▸ Aim of the exercise: Beneath this instruction is a block of data; output from it exactly the lines that run from the one containing "Drink Love Relax Repeat Yellow Crop Top" through the one containing "Cordless Grass Trimmer", inclusive.

▸ The data:
+---+

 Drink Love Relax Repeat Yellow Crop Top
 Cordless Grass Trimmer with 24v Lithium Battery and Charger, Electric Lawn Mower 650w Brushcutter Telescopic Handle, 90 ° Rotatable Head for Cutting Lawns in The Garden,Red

+---+

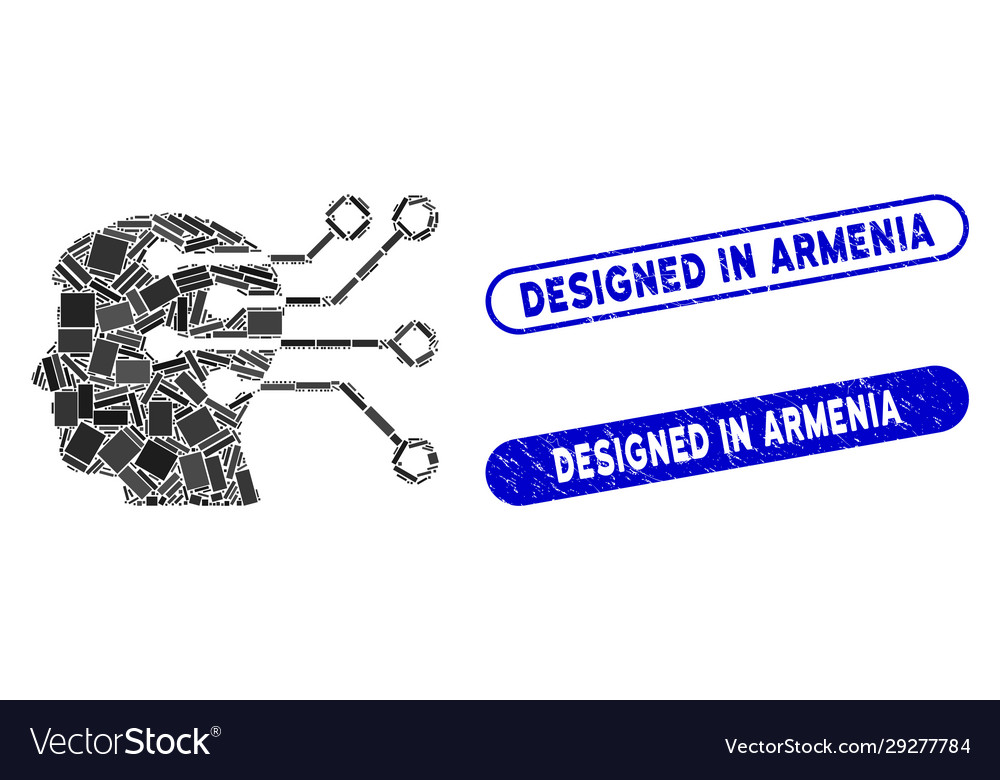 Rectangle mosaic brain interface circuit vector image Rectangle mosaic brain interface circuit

+---+

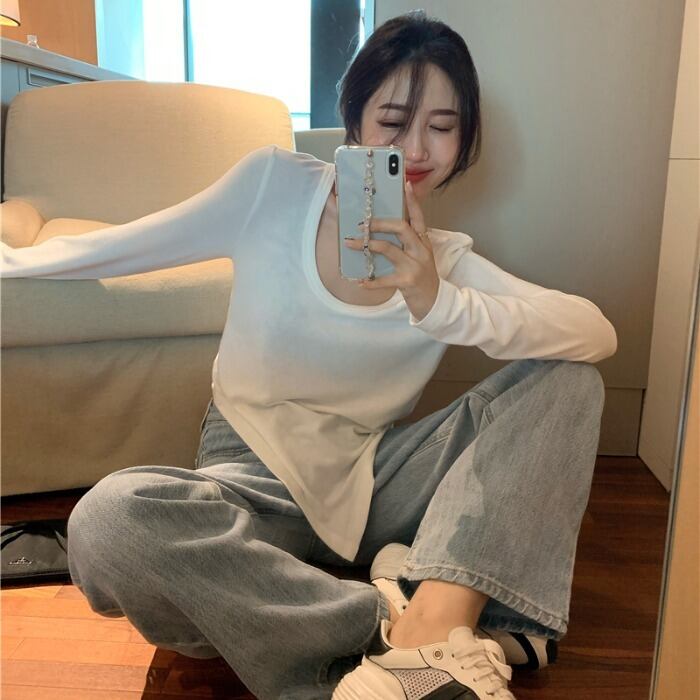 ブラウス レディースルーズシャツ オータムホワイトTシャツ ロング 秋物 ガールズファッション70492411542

+---+

▸ Expected answer:
 Drink Love Relax Repeat Yellow Crop Top
 Cordless Grass Trimmer with 24v Lithium Battery and Charger, Electric Lawn Mower 650w Brushcutter Telescopic Handle, 90 ° Rotatable Head for Cutting Lawns in The Garden,Red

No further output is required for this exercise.